THE FORBIDDEN EXPERIMENT: The Story of the Wild Boy of Aveyron

By

Pub Date: March 21st, 1980
Publisher: Farrar, Straus & Giroux

Who was the wild boy of Aveyron: an abandoned imbecile or disturbed child? a regressed mute? a functional retardate? And why, after nine months of apparent progress, did his responsiveness to tutoring diminish abruptly: flaws in the program? the onset of puberty? Shattuck's interesting probe of the French boy's plight, from his January 1800 capture onward, is a thorough exploration of the available data, a clear-headed investigation which draws on contemporary records and recent versions of the case (Harlan Lane's The Wild Boy of Aveyron, 1976; Truffaut's film ""The Wild Child"") and adds new insights of its own.

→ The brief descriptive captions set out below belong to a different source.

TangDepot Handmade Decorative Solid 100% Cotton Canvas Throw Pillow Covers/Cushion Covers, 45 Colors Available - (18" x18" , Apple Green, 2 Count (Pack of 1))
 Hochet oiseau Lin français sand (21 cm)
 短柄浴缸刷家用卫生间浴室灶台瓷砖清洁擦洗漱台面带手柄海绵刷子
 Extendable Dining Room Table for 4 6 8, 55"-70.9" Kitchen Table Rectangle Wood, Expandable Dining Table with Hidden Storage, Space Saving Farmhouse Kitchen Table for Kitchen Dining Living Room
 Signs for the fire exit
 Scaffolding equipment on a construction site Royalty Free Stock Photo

At the time of his capture--the first month of the century--""Victor"" attracted the attention of doctors and philosophers; sent to the newly respectable Institute for Deaf-Mutes, he was judged hopeless by Pinel and Sicard, more promising by a young doctor, Jean-Marc Itard. Funded by the government, Itard undertook his transformation, but despite some encouraging early signs, Victor remained a social isolate, unable to speak or respond in ""human"" ways. Shattuck seeks to discover why Victor's socialization stopped so far short of Itard's goals, and demonstrates how contemporary theories and the young doctor's sense of propriety may have sabotaged his efforts. (Shattuck also gives deserved credit to the housekeeper who stuck by the boy.) After five years, Itard dropped Victor and went on to major career success, later influencing the work of Seguin and Montessori as well as today's special education practices. Victor died in 1828, his last years, like his earliest, unrecorded. Shattuck--who developed this book from a series of high school lectures and seminars on the Truffaut film--has carefully reconstructed the events, fleshed out the background scene, and corrected a few of Lane's facts, producing a shorter, more accessible book than Lane's without sacrificing plausibility or circumspection.